Dans les deux cas, une protéine (LDL ou HDL) véhicule au cholestérol, dont il n’y a qu’une seule sorte.
Ancel Keys prétendit avoir établi un constat de corrélation géographique entre le taux sangin de Ch-LDL et les MCV (les maladies cardio-vasculaires : infarctus, etc.). En simplifiant, disons qu’en passant d’un pays à l’autre, l’augmentation du taux moyen de Ch-LDL s’accompagnerait d’une augmentation parallèle des MCV.
L’hypothèse ainsi suggérée est qu’un taux élevé de Ch-LDL favorise les MCV. En d’autres termes, au-delà d’un certain seuil, le cholestérol est tenu pour être facteur de MCV au même titre que l’âge, le tabac ou l’hypertension artérielle.
Il importe de noter le glissement sémantique opéré par l’emploi de mots tels que « favoriser » et « facteur » : utilisés à propos d’une simple corrélation statistique (d’un pays à l’autre, cholestérol et maladies prennent de l’importance de façon parallèle), ils induisent subrepticement l’idée d’une relation de cause à effet (l’excès du premier produit les secondes). Or, si la corrélation observée suggère la possibilité d’une telle relation de cause à effet, elle ne suffit nullement à la prouver. Une telle inférence est valable pour le tabac ; il va de soi que fumer contribue à ces maladies, mais pas l’inverse : ce ne sont pas elles qui conduisent au tabagisme. Pareille inférence ne va pas de soi, de prime abord, pour le cholestérol, dans la mesure où d’autres explications sont envisageables (l’élévation du taux de Ch-LDL comme réaction salutaire à la déterioration d’un organe).
L’essentiel de la théorie
Il s’est constitué néanmoins une théorie dont la base est le postulat (P) – souvent appelé hypothèse lipidique – que des taux sanguins élevés de Ch-LDL causent des maladies cardio-vasculaires (en concurrence avec d’autres déterminants, comme l’usage du tabac).
De ce postulat résultent deux conséquences théoriques majeures :
– (L) faire baisser le taux de Ch-LDL doit réduire le risque de telles maladies (à afflux moindre, danger moindre) ;
– (H) l’augmentation du taux de Ch-HDL doit jouer dans le même sens (à retrait supérieur, danger moindre également).

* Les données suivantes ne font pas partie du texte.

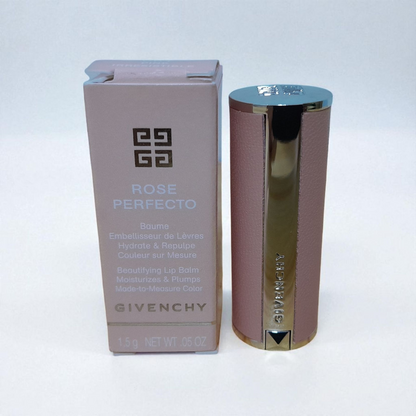 Givenchy Rose Perfecto Lip Balm Travel Size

Divers pistes s’ouvrent ainsi pour contribuer à la prévention des MCV et de leur récidive, parmi lesquelles la mise au point de médicaments qui réduisent la présence des Ch-LDL ou qui favorisent celle des Ch-HDL, voire les deux à la fois.
La théorie et la réalité
Le postulat (P), ainsi que ses conséquences (L) et (H), restent de la théorie, laquelle demande bien entendu, pour être validée, à être confrontée à la réalité. Sans prétendre présenter la totalité des observations et des expériences, en voici de quelque poids.
– L’étude épidémiologique d’Ancel Keys a été critiquée parce qu’il avait sélectionné sept pays après avoir recueilli des données dans vingt-deux. Or d’autres façons d’analyser ces dernières conduisent à une conclusion différente.
– Différentes sortes de médicaments, et pas seulement les statines, produisent la diminution du taux de Ch-LDL, généralement par la limitation de sa production par le foie. Les résultats des essais se montrent plus ou moins favorables à la théorie en termes de santé : certaines statines, outre qu’elles font baisser le cholestérol, l’améliorent un peu.
– On sait maintenant qu’à partir de 60 ans des taux bas de Ch-LDL sont gravement nocifs.
– Les avantages d’un taux élevé de Ch-HDL laisse les observateurs dubitatifs.
– Les essais de quatre inhibiteurs de la CETP, médicaments visant à abaisser le taux du Ch-LDL et simultanément à élever celui de Ch-HDL, ont déçu leurs promoteurs. Le Torcetrapib s’est même distingué par le nombre des décès observés.
Conclusions
Les observations à l’origine du postulat (P) se sont révélées plus que discutables.
Ses conséquences (L) et (H), peut-être pas réfutées de manière absolue par des observations et des expériences, supportent tout de même mal ces confrontations avec la réalité.
Dans ces conditions, et compte tenu du contexte évoqué, la théorie du cholestérol n’apparaît pas comme validée, bien au contraire.